Il n'y a que trois professeurs auxquels j'aurais fait (et avec joie) cette insulte, et c'était parce qu'ils étaient humainement des raclures de bidet, et à l'enseignement ce que Loana est à la chanson française (elle a bien du chanter quelque chose, je n'ose aller vérifier). En rien les braves professeurs de Paris IV ne semblaient mériter ça. Bref, je n'ai pas trouvé ce comportement très humain (à la limite, si on compte partir, on se met tout au fond et on se casse discretos, pas au troisième rang ! Un peu de considération, merde ! )


Le troisième et dernier constat porte sur le mode même de l'enseignement moderne, de la primaire aux études post-master.
Je n'y avais jamais trop songé, et, jusqu'à ma sortie des rails et du modèle classique, ledit modèle me convenait très bien : j'ai toujours eu de bonnes notes, tout allait bien. C'est sans doute le fait d'apprendre par correspondance, donc de ne plus avoir à passer par la notation frénétique d'un cours donné par un professeur face à un minimum de 30 personnes, qui m'a rendu la chose étrangère et donc analysable. Je vais sans doute enfoncer des portes ouvertes à coups de bélier, et ça a sûrement été théorisé ailleurs avec bien plus de sources, d'études, d'expériences. Je ne fais que partager ici mes pets de cerveau, mais cette façon de faire (la prise de note) m'a soudain semblée non solum contre-productive, sed etiam aliénante.

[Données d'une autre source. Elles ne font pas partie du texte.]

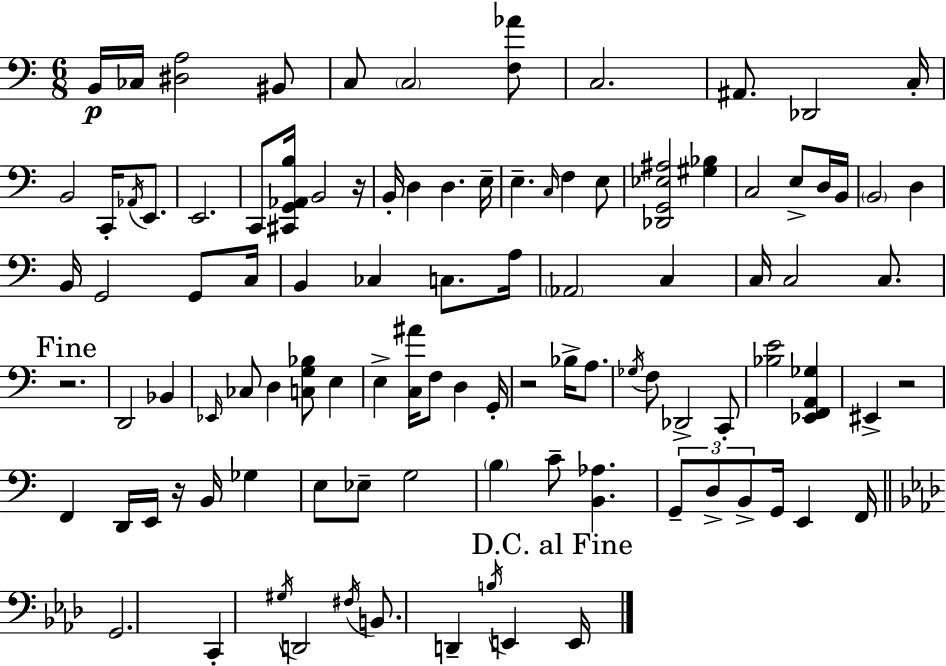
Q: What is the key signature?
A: C major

Lorsque je prends des notes, mon but est de reccueillir le plus possible du discours, et c'est sans doute moi qui suis en tort, sans doute faut-il prendre plus de recul, voire ne prendre aucune note pendant le cours, puis noter ce dont on se souvient et que l'on a re-analyse, après le cours. Une telle méthode est rendue impossible par la succession ininterrompue de cours. Le resultat est que cette notation est dépourvue d'esprit critique, et tout simplement de raisonnement, d'appropriation du savoir : on note servilement un discours. On espère le comprendre quand on le relira chez soi, le soir. Si on le relit le soir. Avec plus de sept cours par jours, la chose ne va pas forcément de soi.

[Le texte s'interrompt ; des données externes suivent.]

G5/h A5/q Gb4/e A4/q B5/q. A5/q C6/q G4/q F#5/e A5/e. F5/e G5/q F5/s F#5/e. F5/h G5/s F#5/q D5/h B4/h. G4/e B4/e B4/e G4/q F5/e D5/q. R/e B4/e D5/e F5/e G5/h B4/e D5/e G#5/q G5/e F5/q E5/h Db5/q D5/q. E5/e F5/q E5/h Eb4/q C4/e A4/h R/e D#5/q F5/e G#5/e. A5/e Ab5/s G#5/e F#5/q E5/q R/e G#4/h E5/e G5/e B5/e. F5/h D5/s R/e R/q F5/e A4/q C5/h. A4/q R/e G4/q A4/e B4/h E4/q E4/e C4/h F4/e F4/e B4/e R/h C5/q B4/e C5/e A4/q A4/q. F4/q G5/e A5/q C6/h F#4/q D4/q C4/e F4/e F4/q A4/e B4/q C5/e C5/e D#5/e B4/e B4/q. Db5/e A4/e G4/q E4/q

A l'inverse, quand je lis un cours rédigé, ou un manuel, je peux prendre une certaine distance, qui me permet d'assimiler le savoir. Et cela ne va pas moins vite que suivre un cours en personne, au contraire (il n'y a pas de digression, pas de blagounette, pas de pause, pas de redites, ou alors des répétitions stratégiques pour s'assurer que le savoir est acquis).

Il me semble donc que l'idéal de la transmission de savoir serait un cours oral délivré d'un professeur à moins de dix élèves, pendant une heure. Après cela chaque élève produirait un résumé oral, à tour de rôle, et éventuellement, au terme de ce "tour de table", serait autorisé à prendre quelques notes de l'essentiel. Evidemment, cela suppose des effectifs bien moins larges.
Ce qui entraîne la question de la nécessité de tous les diplômes universitaires contemporains (faut il VRAIMENT un master pro de vente, de marketing, ou je ne sais trop quelle fantaisie, pour établir une stratégie commerciale ? Les plus riches marchands levantins n'avaient pas "appris" le sens des affaires dans une école) et surtout de leur "démocratisation" : pourquoi vouloir, par exemple, que 80% d'une génération ait son bac, ou même 70%, ou même 50% ? pourquoi contraindre les esprits à l'académisme ? Cela porte en soi le préjugé selon lequel les études académiques sont ce qui se fait de mieux pour l'esprit humain, valent mieux que la pratique d'un artisanat ou d'un art dès l'adolescence.
Se dire que les études secondaires ne sont peut-être faites que pour 50% ou moins d'une classe d'âge n'est en rien élitiste, bien au contraire, il s'agit de se rendre compte que le lycée n'est en rien "supérieur" au labour, à l'artisanat etc... que le travail de la main n'est pas moins noble que celui de l'esprit.
Alors on pourra peut-être avoir un enseignant pour dix élèves et avoir un réel "travail de l'esprit" une vraie transmission et pas la transcription servile et à peine comprise d'un discours.

Une autre possibilité, plus pratique, serait de donner une liste d'ouvrages à lire, seul, et de sanctionner cela par un examen final, ce qui est exactement le principe des études à distance, si l'on considère le cours écrit comme un manuel. Dans tout les cas cela me semble valoir bien mieux, intellectuellement parlant, pour l'assimilation du savoir, qu'un cours magistral, sorte de cimetière de la pensée.